People had been concerned about the safety of motor vehicle traffic from the very first days of the car, but they weren't in the driver's seat. (See Peter D. Norton, Fighting Traffic: The Dawn of the Motor Age in the American City, 2008.) It wasn't until the arrival of the Vision Zero movement in recent years that a curious idea gained traction: Perhaps speed is not as important as safety. Shocking.

So at least the thinking has started to change. On the street in front of my house on Lombard street, not so much. Frankly, aside from the addition of a bunch of steel bollards to protect the sidewalk (this has been done by various residents and certainly not by the City) very little has changed in the configuration of the street here since I moved onto the block in 1984.
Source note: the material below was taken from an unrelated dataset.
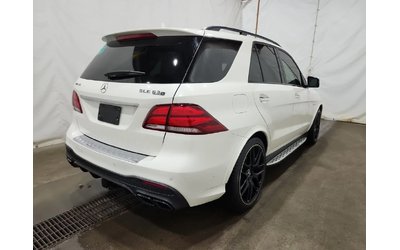 mercedes-benz-gle - 2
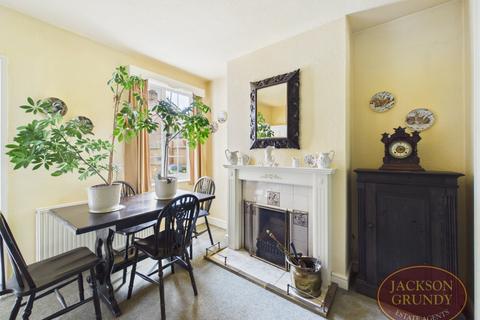 2 bedroom end of terrace house for sale, High Street, Hardingstone, NN4 7BT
Meanwhile, on South Street

Meanwhile, South street, Lombard's eastbound partner, is a one-lane street for almost all its length, usually with cars parked at both curbs and one traffic lane down the middle. However, down by the South street bridge, one of the curbside lanes, which elsewhere would be a parking lane, is in fact a bike lane. 

So Pine and Spruce both have one parking lane and one bike lane and one motor-vehicle lane. And South has one motor-vehicle lane in the center of the street, and the curbside lanes are devoted to other uses. 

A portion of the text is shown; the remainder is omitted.